Pictures with short captions
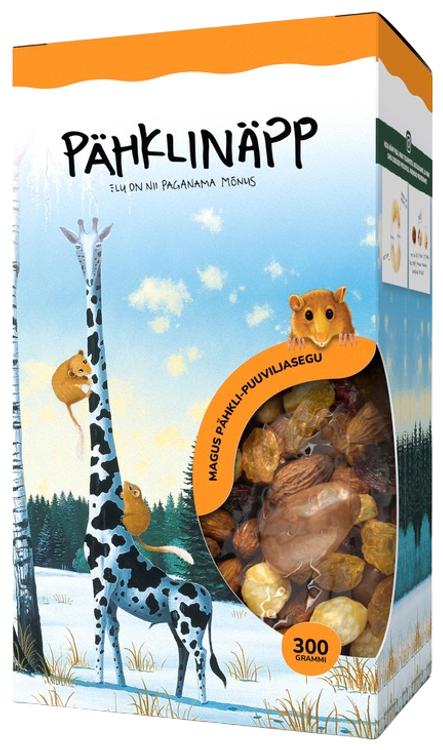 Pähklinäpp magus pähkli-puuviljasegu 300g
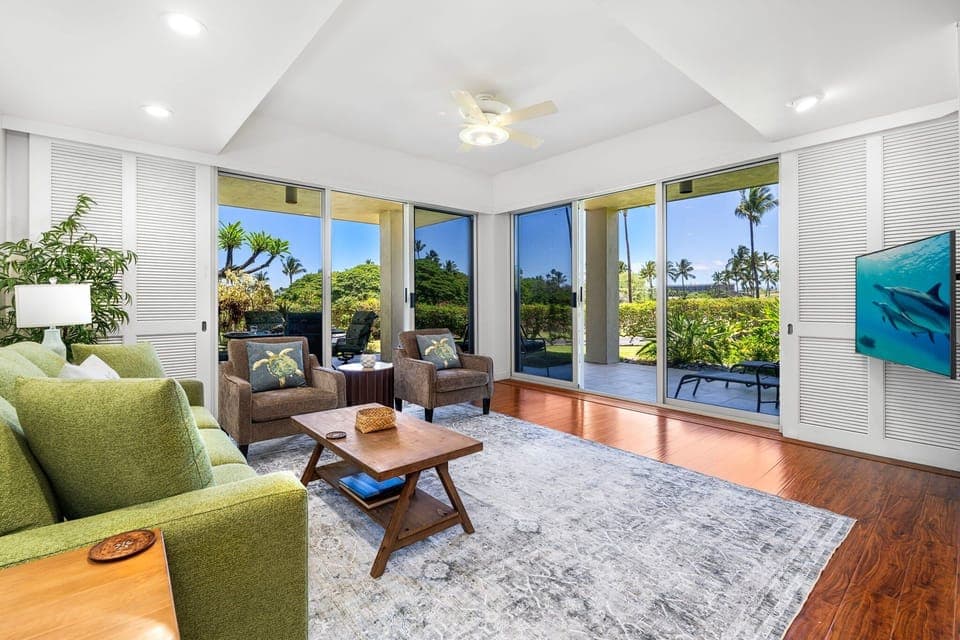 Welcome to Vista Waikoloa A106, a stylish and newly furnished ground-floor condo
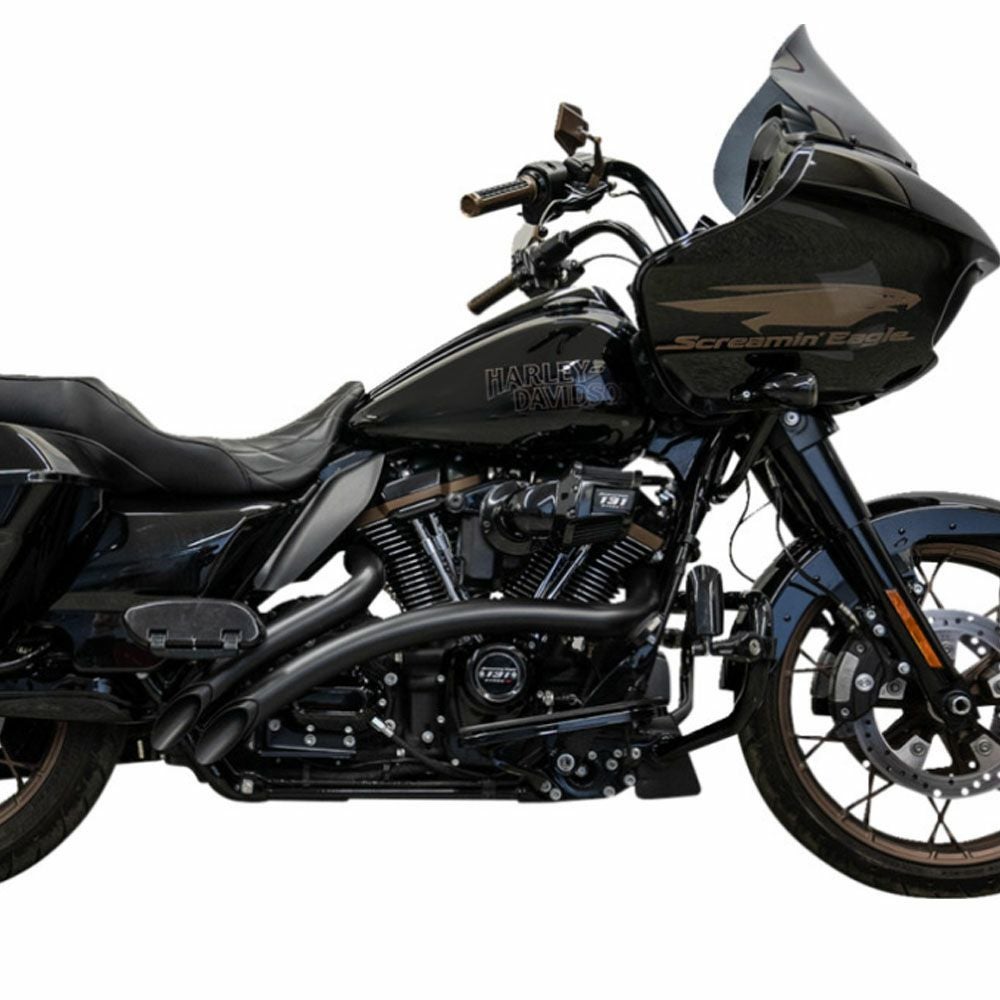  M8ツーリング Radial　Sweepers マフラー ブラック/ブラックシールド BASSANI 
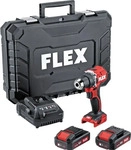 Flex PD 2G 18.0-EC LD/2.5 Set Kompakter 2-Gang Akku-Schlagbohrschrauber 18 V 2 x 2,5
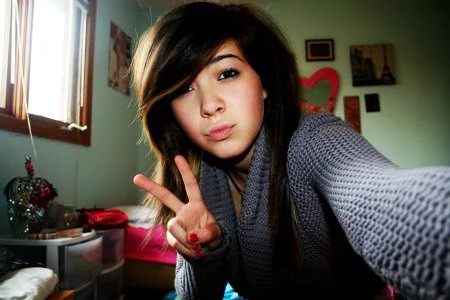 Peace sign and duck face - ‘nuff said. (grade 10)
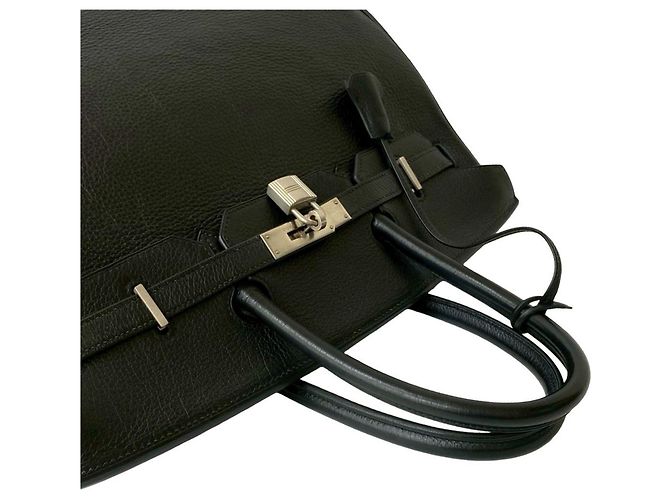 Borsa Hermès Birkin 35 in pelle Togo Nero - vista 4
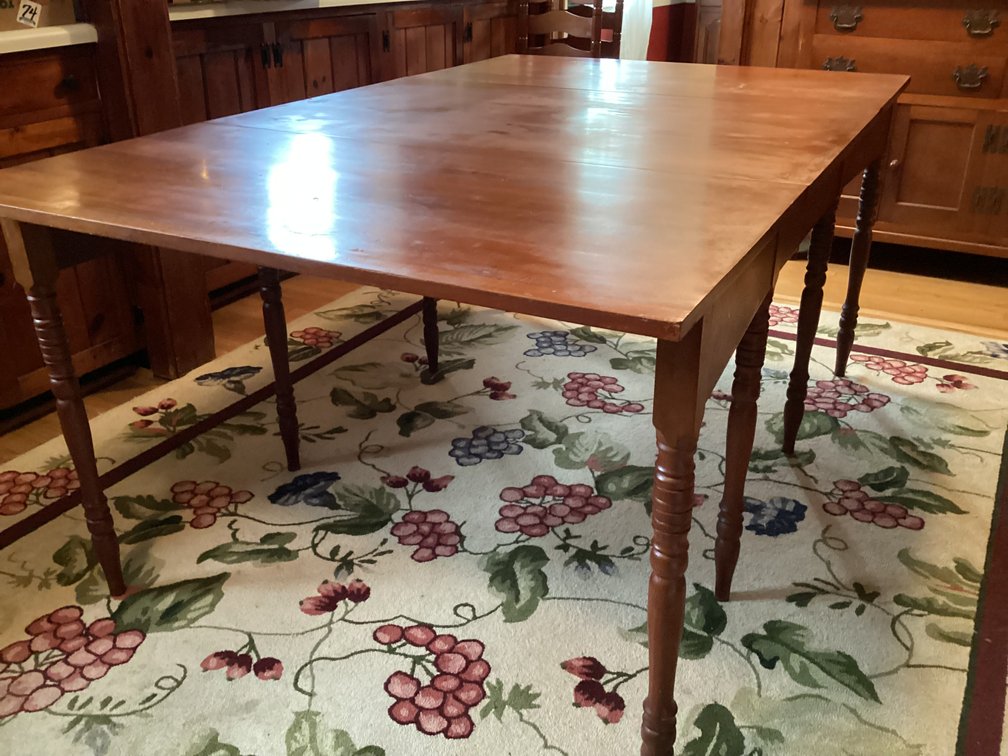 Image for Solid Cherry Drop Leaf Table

About this exercise ▸ A word-for-word copy is needed of the lines from the line holding "Peace sign and" through the end of the records, both included, excluding every picture.

Exercise solution ▸
 Peace sign and duck face - ‘nuff said. (grade 10)
 Borsa Hermès Birkin 35 in pelle Togo Nero - vista 4
 Image for Solid Cherry Drop Leaf Table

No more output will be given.